-- Task directions --
For each line below that contains the string "Capacity", copy that line.

-- Dataset excerpts --

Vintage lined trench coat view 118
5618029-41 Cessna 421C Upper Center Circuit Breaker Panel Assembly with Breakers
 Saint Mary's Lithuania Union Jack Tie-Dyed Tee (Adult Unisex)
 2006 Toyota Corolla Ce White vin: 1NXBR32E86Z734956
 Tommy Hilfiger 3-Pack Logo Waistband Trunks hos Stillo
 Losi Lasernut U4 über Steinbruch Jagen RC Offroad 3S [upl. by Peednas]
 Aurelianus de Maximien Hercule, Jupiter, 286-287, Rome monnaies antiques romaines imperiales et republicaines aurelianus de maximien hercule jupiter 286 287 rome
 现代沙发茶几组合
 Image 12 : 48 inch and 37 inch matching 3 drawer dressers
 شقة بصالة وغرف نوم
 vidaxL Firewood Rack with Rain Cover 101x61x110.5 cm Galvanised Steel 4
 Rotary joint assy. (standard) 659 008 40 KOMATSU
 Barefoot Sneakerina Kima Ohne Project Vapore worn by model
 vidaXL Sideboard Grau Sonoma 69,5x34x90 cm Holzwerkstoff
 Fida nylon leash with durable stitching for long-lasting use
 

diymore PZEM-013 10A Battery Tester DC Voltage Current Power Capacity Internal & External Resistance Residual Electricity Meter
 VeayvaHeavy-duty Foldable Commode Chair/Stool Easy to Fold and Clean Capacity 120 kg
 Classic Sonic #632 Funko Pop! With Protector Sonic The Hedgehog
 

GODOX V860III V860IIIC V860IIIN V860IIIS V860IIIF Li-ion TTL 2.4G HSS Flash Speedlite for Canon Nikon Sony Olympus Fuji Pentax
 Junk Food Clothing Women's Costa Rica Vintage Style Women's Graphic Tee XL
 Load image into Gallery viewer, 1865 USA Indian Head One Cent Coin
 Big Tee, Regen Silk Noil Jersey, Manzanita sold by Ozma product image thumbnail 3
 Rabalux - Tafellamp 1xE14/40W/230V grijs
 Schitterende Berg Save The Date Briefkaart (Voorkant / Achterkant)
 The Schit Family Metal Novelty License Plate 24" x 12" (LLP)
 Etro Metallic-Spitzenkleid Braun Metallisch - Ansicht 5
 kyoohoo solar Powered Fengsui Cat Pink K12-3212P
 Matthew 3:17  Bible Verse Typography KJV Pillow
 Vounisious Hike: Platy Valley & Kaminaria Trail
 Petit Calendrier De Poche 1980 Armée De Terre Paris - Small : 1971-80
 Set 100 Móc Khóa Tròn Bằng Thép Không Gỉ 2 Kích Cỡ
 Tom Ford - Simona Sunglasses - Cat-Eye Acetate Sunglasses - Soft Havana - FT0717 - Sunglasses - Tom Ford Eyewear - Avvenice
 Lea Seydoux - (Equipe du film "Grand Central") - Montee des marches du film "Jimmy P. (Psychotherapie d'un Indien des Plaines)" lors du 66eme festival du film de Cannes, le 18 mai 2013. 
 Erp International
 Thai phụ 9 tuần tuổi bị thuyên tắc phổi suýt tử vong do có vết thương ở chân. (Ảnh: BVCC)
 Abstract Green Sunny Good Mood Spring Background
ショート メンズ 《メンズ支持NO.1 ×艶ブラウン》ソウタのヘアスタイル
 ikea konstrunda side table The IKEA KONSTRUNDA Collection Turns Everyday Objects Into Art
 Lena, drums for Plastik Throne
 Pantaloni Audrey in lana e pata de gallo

-- Final answer --
diymore PZEM-013 10A Battery Tester DC Voltage Current Power Capacity Internal & External Resistance Residual Electricity Meter
 VeayvaHeavy-duty Foldable Commode Chair/Stool Easy to Fold and Clean Capacity 120 kg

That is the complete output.